Es liegt aber nahe, dass beides zusammenhängen könnte: dort das Chaos des an vielen Fronten geführten Kriegs, hier das Festhalten an Deutungsmustern, die ihr Verfallsdatum überschritten haben. Beides sind Facetten einer nun schemenhaft aufkommenden neuen polyzentrischen Weltordnung, die bisher eher von außereuropäischen Intellektuellen versuchsweise vermessen wird.

Narzisstisches Europa

Für den kamerunischen Philosophen Achille Mbembe ist es „die Grunderfahrung unseres Zeitalters“, dass „Europa nicht mehr das Gravitationszentrum der Welt bildet“. Und der indische Autor Pankaj Mishra spottet über die „wirren Selbstbilder“ der Europäer, die sich immer noch für das Maß des Fortschritts hielten.
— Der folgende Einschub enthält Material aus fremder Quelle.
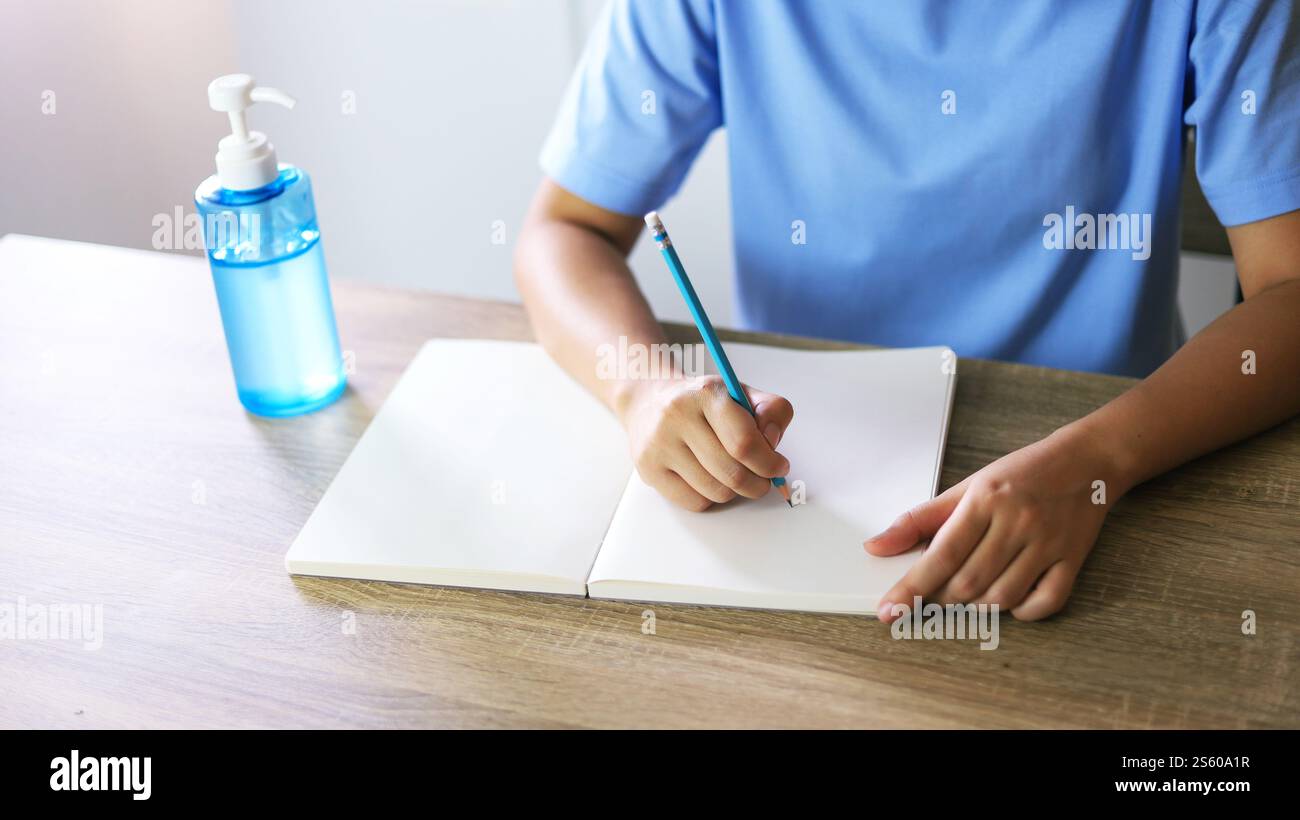 Jeune femme asiatique portant le masque médical fait à la main du visage travaillant seule politique de distanciation avec. Gel désinfectant pour les mains pendant le coronavirus ou le virus covid-19 Banque D'Images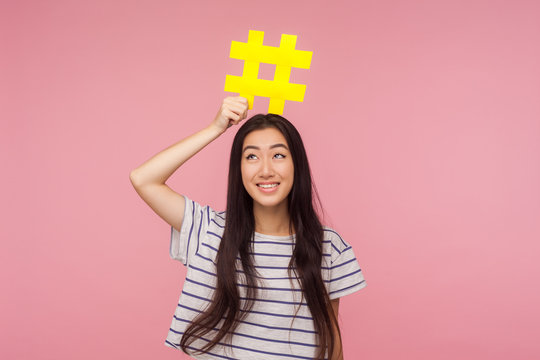 Portrait of positive trendy girl with brunette hair in striped t-shirt holding hashtag symbol on head and smiling, tagging famous blog, viral content. indoor studio shot isolated on pink background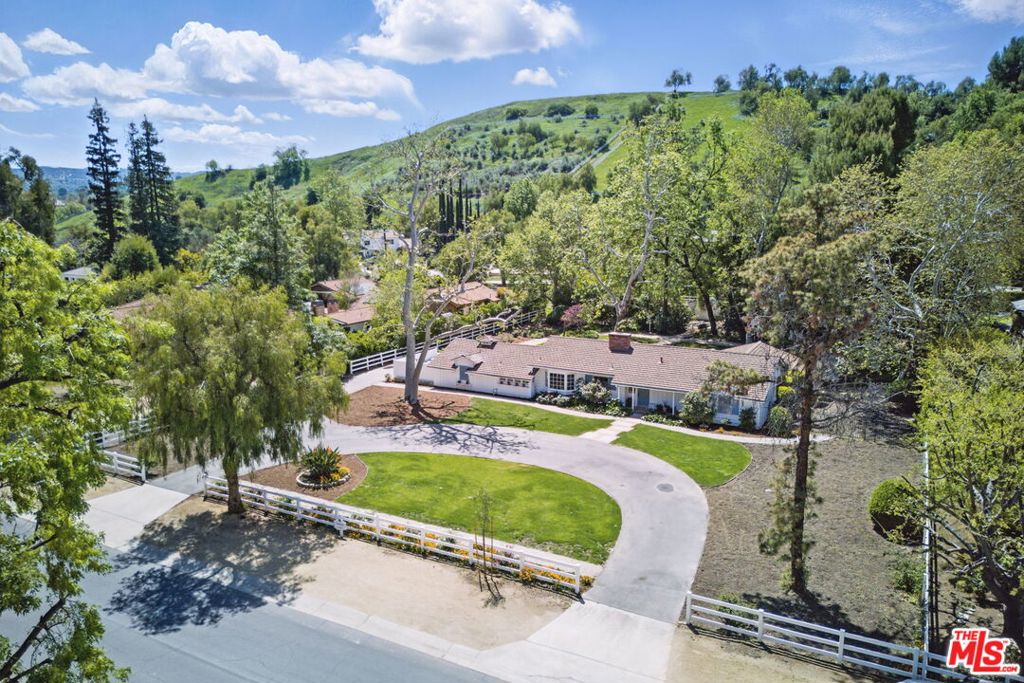 An incredible opportunity and unique chance to own a piece of Hidden Hills history with a graciously maintained property, prime location, and potential to create your own legacy in one of the most coveted communities awaits. First time on market, this iconic ranch home sits on a magnificent flat 1+ acres lot in the prestigious guard-gated community of Hidden Hills. Built in 1951 and cherished by the same family for over seven decades, this expansive property has a prime location on Long Valley Road, combining privacy with accessibility, adorned with majestic trees and an impressive rose garden that showcase the property's rich heritage. Beyond its current charm, the property's pristine condition allows for a turnkey opportunity, a thoughtful renovation of the existing ranch home or seize the opportunity for an exceptional development option to reimagine the site in one of the most exclusive communities. With 35 miles of winding horse and hiking trails, riding arenas, tennis and basketball courts, and a community center that hosts theater groups and social events throughout the year, this unique neighborhood offers a serene countryside feel while being just minutes from upscale boutique shopping, fine dining, and the award-winning Las Virgenes School District.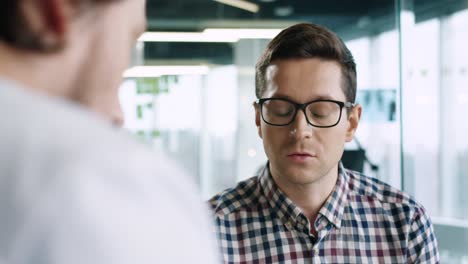 Rear-view-of-caucasian-male-doctor-sitting-at-desk-explaining-to-male-patient-treatment-for-coronavirus-in-medical-consultation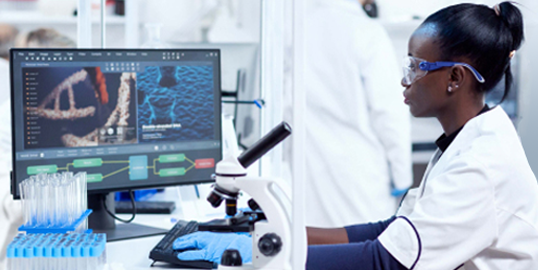 A medical technician wearing safety glasses works at a laboratory workstation with a computer displaying genomic analysis and a microscope, illustrating the use of technology in genomics research.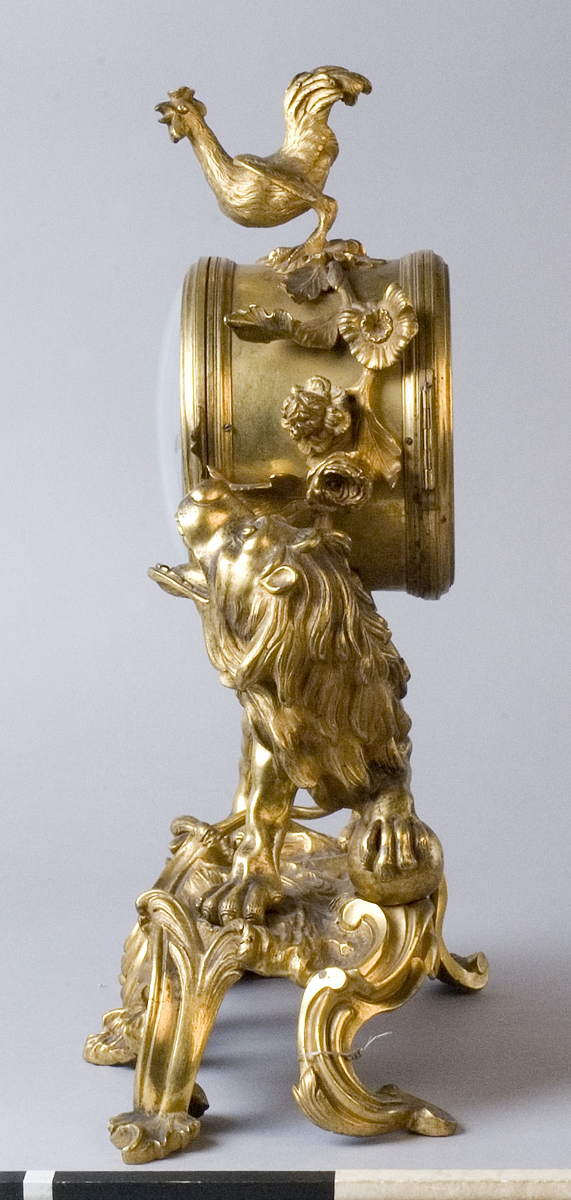 Urhuset i form av en tunna som står på ett rytande lejon med ena foten på ett klot på ett genombrutet rocailleornament. Ovanpå tunnan står en galande tupp, på sidorna rosor och växter.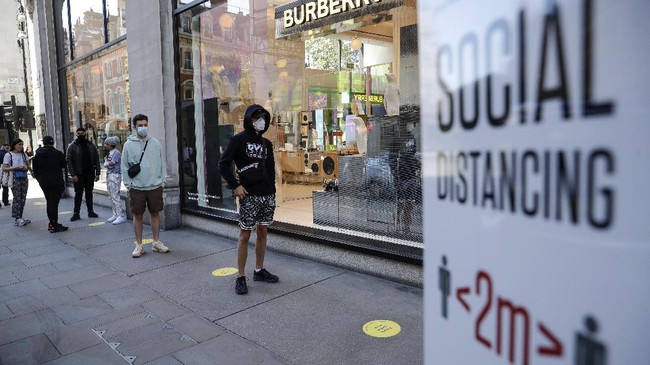 People wait in line for the opening of the Selfridges department store in London, Monday, June 15, 2020. After three months of being closed under coronavirus restrictions, shops selling fashion, toys and other non-essential goods are being allowed to reopen across England for the first time since the country went into lockdown in March.(AP Photo/Matt Dunham)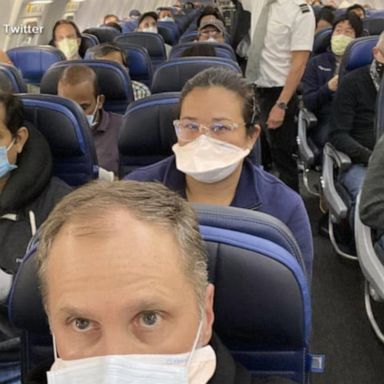 VIDEO: Doctor speaks out after viral photo of packed plane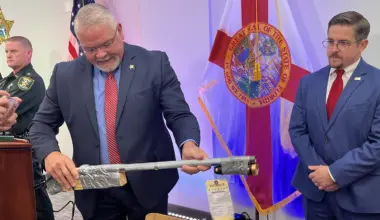 Sgt. Gene Tolbert with the St. Johns County Sheriff's Office demonstrates a makeshift gun confiscated during an investigation into two local teenagers. The gun, made of piping and wood, was part of a cache that included other makeshift firearms and explosive material.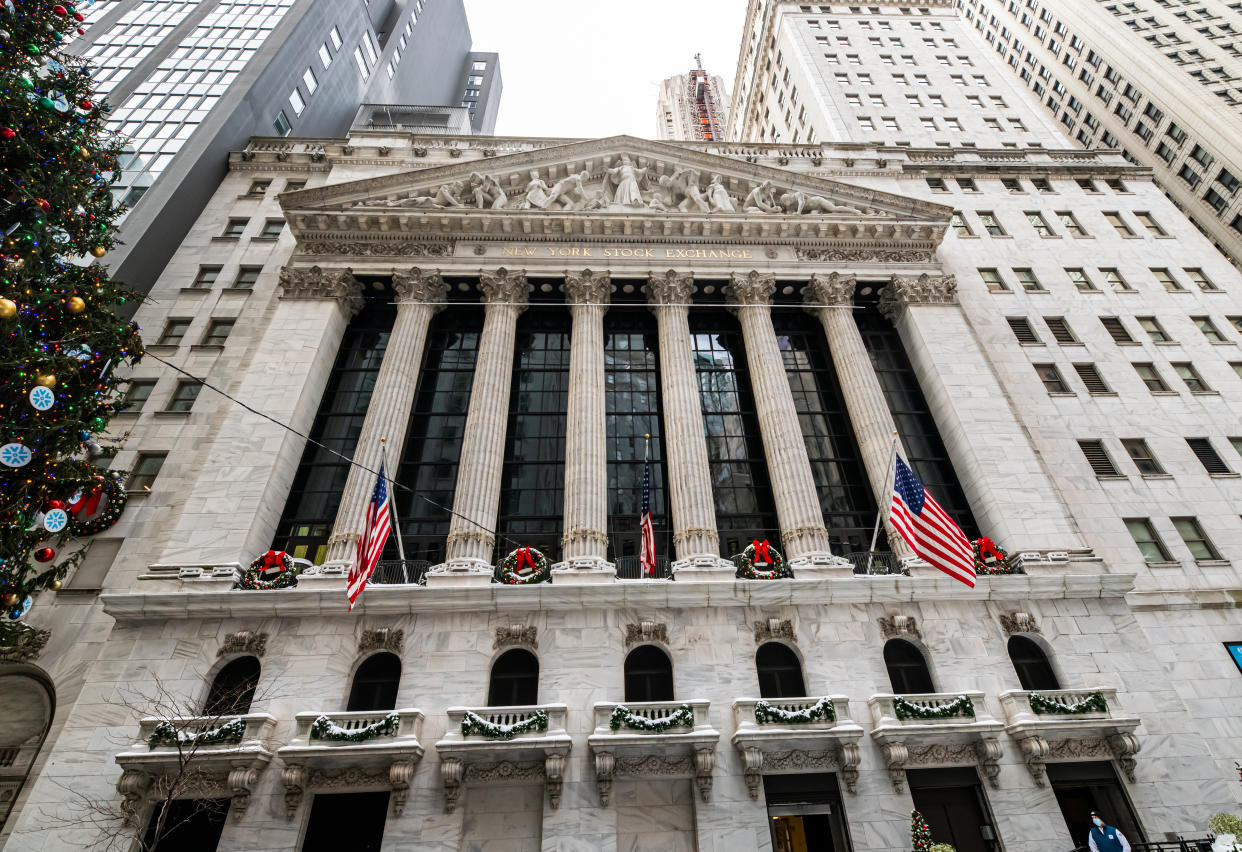 NEW YORK, NEW YORK - DECEMBER 18: A view of the New York Stock Exchange in Wall Street as the city continues the re-opening efforts following restrictions imposed to slow the spread of coronavirus on December 18, 2020 in New York City. The pandemic has caused long-term repercussions throughout the tourism and entertainment industries, including temporary and permanent closures of historic and iconic venues, costing the city and businesses billions in revenue. (Photo by Noam Galai/Getty Images)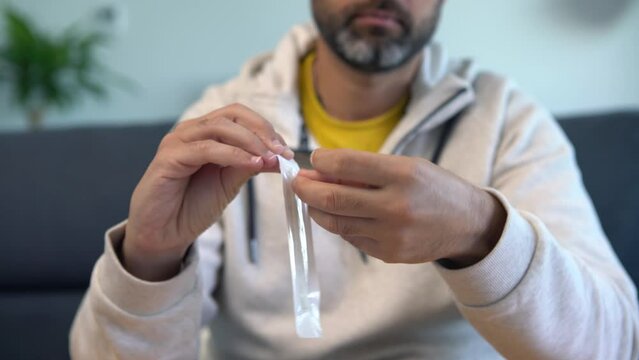Caucasian man wearing mask opening a sample of the covid-19 antigen diagnostic test device at home. A person make antigen test kit for self testing coronavirus. PCR at quarantine pandemic.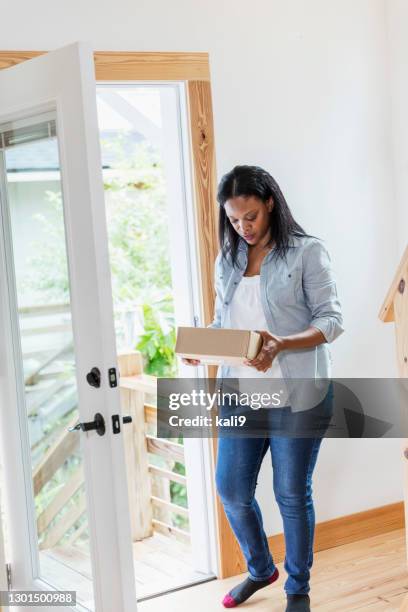 mujer negra en el interior, sosteniendo un paquete entregado a casa - umbral fotografías e imágenes de stock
Das dichotome Denken – wir und sie, der Westen und der Islam – war bei uns für kurze Zeit aufgebrochen, während des sogenannten arabischen Frühlings. Nun ist es mit überraschender Wucht zurückgekehrt, auf den Straßen und in Schreibstuben. Welch seltsamer Zufall: Nachsicht gegenüber der antiislamischen Pegida-Bewegung paart sich nun mit dem Bemühen, die angeblich faschistischen Ursprungsmotive des Islamismus zu enthüllen.

Um nicht missverstanden zu werden: Zur Debatte steht hier nicht das moralische Gewicht des Faschismusvorwurfs, wenn er auf den IS gemünzt wird, eines Phänomens, an dem bisher unsere politischen Begriffe versagen.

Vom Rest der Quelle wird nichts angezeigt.